(Extracted material)
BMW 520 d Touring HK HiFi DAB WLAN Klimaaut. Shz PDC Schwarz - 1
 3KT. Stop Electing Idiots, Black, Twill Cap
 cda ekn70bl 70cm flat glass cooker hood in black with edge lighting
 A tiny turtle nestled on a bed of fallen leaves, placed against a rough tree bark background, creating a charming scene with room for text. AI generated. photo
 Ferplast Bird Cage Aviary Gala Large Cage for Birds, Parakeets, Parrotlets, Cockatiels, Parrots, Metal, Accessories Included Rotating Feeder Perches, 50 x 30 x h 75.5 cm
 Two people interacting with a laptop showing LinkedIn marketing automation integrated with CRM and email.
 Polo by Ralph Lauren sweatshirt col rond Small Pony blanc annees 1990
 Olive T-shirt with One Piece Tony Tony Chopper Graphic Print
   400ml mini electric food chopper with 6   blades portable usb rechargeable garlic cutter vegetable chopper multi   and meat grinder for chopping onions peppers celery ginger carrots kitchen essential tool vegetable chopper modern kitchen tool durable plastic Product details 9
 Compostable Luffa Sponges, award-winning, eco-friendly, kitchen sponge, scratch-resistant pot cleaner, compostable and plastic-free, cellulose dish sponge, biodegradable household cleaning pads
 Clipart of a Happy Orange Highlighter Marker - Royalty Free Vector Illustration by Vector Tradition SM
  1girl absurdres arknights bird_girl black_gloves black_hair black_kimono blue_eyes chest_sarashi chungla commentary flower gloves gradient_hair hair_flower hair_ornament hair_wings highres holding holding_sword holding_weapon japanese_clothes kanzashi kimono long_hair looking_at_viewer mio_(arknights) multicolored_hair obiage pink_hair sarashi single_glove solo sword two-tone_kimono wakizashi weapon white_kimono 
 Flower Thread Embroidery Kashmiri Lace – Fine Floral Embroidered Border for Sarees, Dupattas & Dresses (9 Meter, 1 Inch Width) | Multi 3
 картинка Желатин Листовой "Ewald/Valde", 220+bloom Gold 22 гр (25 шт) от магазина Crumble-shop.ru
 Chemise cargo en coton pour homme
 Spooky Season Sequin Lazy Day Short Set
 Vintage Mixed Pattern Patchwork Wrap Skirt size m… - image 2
(End Extracted material)
Pull out every line of the records that includes the string "with".

 cda ekn70bl 70cm flat glass cooker hood in black with edge lighting
 A tiny turtle nestled on a bed of fallen leaves, placed against a rough tree bark background, creating a charming scene with room for text. AI generated. photo
 Two people interacting with a laptop showing LinkedIn marketing automation integrated with CRM and email.
 Olive T-shirt with One Piece Tony Tony Chopper Graphic Print
   400ml mini electric food chopper with 6   blades portable usb rechargeable garlic cutter vegetable chopper multi   and meat grinder for chopping onions peppers celery ginger carrots kitchen essential tool vegetable chopper modern kitchen tool durable plastic Product details 9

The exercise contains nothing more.